_What you are asked to do:_ From the opening line of the records through the line bearing "Health News |", set down every line exactly.

_Information:_

+===+

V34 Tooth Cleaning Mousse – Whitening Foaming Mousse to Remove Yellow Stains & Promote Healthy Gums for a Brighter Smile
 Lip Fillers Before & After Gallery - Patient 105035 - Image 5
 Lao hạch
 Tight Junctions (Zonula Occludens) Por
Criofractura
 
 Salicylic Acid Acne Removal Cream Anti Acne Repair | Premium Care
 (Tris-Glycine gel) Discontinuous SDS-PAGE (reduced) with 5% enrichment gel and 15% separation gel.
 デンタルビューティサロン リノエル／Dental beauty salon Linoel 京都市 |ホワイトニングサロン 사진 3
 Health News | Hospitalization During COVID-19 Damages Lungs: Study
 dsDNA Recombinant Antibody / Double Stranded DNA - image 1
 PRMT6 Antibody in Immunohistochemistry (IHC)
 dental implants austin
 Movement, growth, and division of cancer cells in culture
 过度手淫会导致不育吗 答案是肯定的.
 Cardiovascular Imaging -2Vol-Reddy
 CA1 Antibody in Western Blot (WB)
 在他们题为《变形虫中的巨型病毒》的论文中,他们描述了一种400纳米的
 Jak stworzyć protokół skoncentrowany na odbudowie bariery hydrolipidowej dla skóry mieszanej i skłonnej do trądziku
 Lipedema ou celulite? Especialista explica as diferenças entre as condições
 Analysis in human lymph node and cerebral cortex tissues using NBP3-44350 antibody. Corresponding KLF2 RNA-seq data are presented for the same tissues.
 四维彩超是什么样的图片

+===+

_Solution to this exercise:_
V34 Tooth Cleaning Mousse – Whitening Foaming Mousse to Remove Yellow Stains & Promote Healthy Gums for a Brighter Smile
 Lip Fillers Before & After Gallery - Patient 105035 - Image 5
 Lao hạch
 Tight Junctions (Zonula Occludens) Por
Criofractura
 
 Salicylic Acid Acne Removal Cream Anti Acne Repair | Premium Care
 (Tris-Glycine gel) Discontinuous SDS-PAGE (reduced) with 5% enrichment gel and 15% separation gel.
 デンタルビューティサロン リノエル／Dental beauty salon Linoel 京都市 |ホワイトニングサロン 사진 3
 Health News | Hospitalization During COVID-19 Damages Lungs: Study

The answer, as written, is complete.